"Ama" sözcüğünü çoğu zaman nasıl kullandığımıza hiç dikkat ettiniz mi? "Bugün sahile inmek çok hoşuma giderdi, ama çalışmak zorundayım." "Yardım etmek isterdim, ama şu anda çok meşgulüm." "Seninle dışarı çıkmak isterdim, ama bu akşam saçımı yıkayacağım, kuruması çok uzun sürer." "Bunu beğendim, ama . . ." Bu ne çok kıvırtılınca böyle!
Ama şu anlamlara gelir: haricinde, müstesna; ancak; ondan başka; ondan başka türlü; lakin; mamafih.
Şimdi aynı cümleleri alıp "ama" yerine "ve" kullanalım. "Bugün sahlle inmek çok hoş olurdu ve ben çalışmak zorundayım." Belki her ikisini de yapabilirsiniz, ha? "Sana yardım etmek isterim ve ben şu anda çok meşgulüm." Öyleyse işiniz bitince yardım edin! "Seninle dışarı çıkmak istiyorum ve ben bu akşam saçımı yıkayacağım, kuruması uzun sürüyor." O zaman sen de gelip bana yardım et! "Bunu beğendim ve. . ."

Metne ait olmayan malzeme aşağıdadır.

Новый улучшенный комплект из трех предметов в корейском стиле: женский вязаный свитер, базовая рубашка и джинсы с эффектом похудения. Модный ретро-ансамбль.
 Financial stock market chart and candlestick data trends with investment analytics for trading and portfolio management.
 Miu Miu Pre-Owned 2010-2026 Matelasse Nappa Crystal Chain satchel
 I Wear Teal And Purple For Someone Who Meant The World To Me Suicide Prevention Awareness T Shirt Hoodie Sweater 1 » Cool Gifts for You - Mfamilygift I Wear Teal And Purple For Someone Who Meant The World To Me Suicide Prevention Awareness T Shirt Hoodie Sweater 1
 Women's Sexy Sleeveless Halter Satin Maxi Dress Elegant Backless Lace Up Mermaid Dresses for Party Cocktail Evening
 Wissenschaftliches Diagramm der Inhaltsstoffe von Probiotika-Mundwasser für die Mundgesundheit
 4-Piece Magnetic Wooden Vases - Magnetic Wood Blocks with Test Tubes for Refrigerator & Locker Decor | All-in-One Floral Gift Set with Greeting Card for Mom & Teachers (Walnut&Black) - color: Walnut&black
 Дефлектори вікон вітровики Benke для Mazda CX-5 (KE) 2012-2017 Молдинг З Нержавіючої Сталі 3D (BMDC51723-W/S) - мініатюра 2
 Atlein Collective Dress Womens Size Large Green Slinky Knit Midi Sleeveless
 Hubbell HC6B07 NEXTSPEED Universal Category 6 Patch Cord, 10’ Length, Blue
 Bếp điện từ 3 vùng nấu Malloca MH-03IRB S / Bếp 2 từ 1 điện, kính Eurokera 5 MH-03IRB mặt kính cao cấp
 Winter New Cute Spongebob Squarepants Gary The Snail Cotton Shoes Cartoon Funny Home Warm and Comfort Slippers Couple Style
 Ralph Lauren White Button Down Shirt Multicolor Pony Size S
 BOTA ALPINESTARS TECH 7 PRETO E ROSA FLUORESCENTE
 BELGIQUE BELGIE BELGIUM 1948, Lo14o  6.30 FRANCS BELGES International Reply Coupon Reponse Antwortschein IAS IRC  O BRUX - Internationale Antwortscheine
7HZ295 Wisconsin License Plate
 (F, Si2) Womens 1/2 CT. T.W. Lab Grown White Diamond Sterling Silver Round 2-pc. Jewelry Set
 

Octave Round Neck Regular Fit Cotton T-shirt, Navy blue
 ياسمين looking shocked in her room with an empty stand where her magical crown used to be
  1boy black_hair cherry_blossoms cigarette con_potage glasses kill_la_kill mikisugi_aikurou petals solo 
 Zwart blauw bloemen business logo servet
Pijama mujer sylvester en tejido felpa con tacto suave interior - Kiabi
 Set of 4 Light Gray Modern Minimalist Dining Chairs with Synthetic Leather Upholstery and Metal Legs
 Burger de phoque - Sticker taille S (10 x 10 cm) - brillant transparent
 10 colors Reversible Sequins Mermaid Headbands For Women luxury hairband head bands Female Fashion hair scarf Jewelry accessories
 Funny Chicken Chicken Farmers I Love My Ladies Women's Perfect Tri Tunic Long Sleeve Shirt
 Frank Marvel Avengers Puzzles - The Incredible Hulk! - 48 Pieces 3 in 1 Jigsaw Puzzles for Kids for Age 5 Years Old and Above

Ve şu anlamlara gelir: hem; ek olarak; dahası; aynı ölçüde. Ama (söylemek üzereyken kendinizi ve demeye zorlayın ve neler olacağını yorun. Şaşkınlığa uğrayacaksınız! Engeller bir bir yıkılacak, çünkü amayı başınızdan attığınızda ortada engel falan kalmayacak! Ama bunu yapmak istediğinize emin olun -hayır, hayır, ve bunu yapmak istediğinize emin olun!